- [ASSIGNMENT]: Make an exact copy of the listing so that no picture is carried over.

- [SUPPLIED RECORDS]:
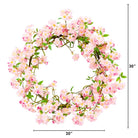 Shop For 30” Artificial Pink Cherry Blossom Wreath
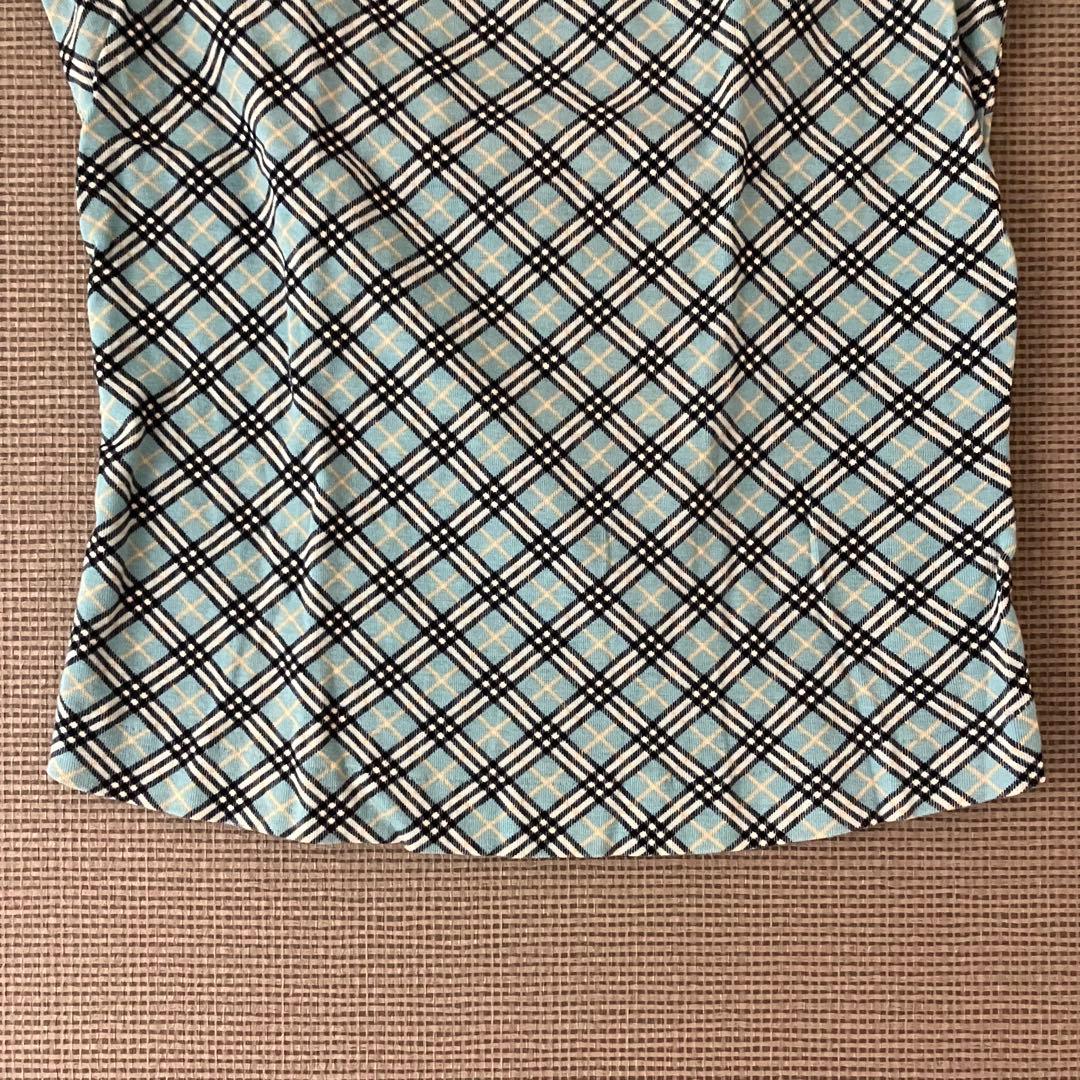美品　バーバリーブルーレーベル　タンクトップ　ノバチェック　水色　M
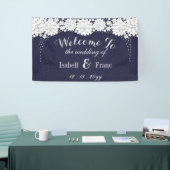 青エレガント花柄パーティー結婚ズ 横断幕 (トレードショー)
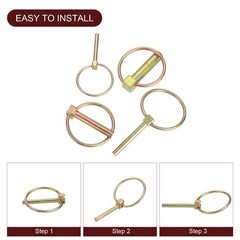 12Pcs 3/16″ x 1-1/2″ Linch Pin with Ring Carbon Steel Zinc Plated Color Zinc
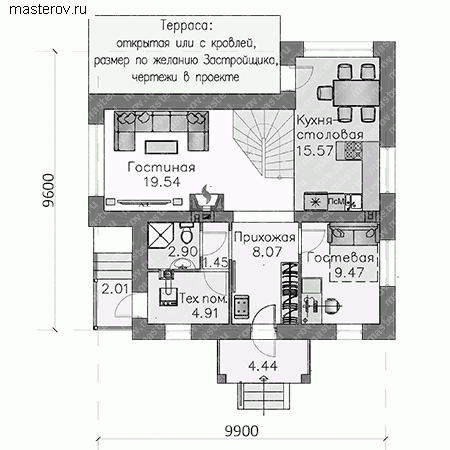 Загородный дом с комнатой на 1-ом этаже № T-114-2P - 1-й этаж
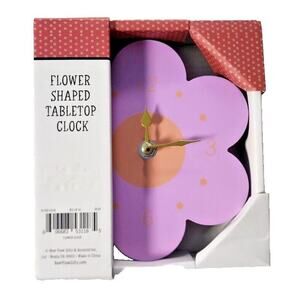 Purple Flower Shaped Tabletop Clock New in Box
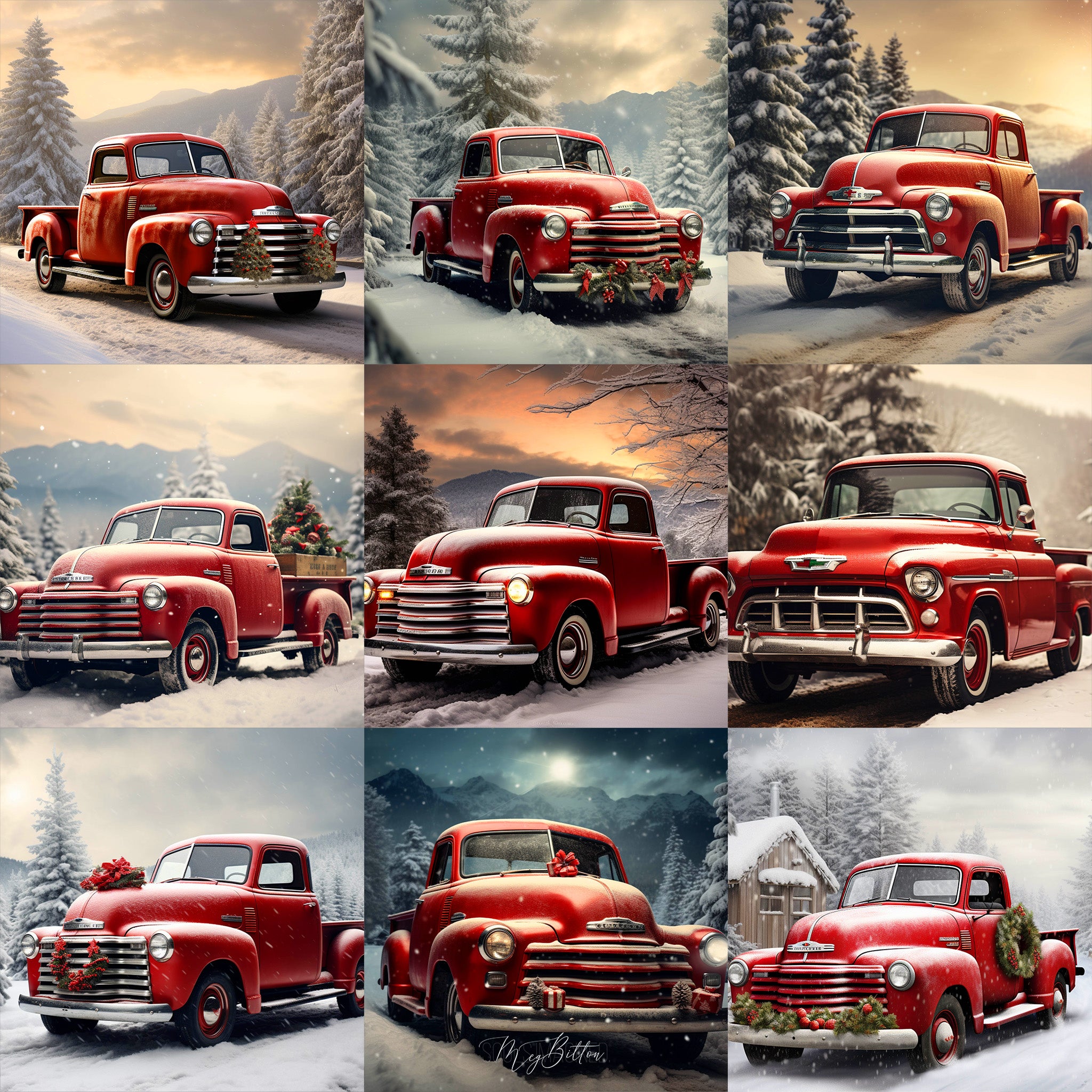 Winter Truck Background Bundle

- [TASK SOLUTION]:
 Shop For 30” Artificial Pink Cherry Blossom Wreath
美品　バーバリーブルーレーベル　タンクトップ　ノバチェック　水色　M
 青エレガント花柄パーティー結婚ズ 横断幕 (トレードショー)
 12Pcs 3/16″ x 1-1/2″ Linch Pin with Ring Carbon Steel Zinc Plated Color Zinc
 Загородный дом с комнатой на 1-ом этаже № T-114-2P - 1-й этаж
 Purple Flower Shaped Tabletop Clock New in Box
 Winter Truck Background Bundle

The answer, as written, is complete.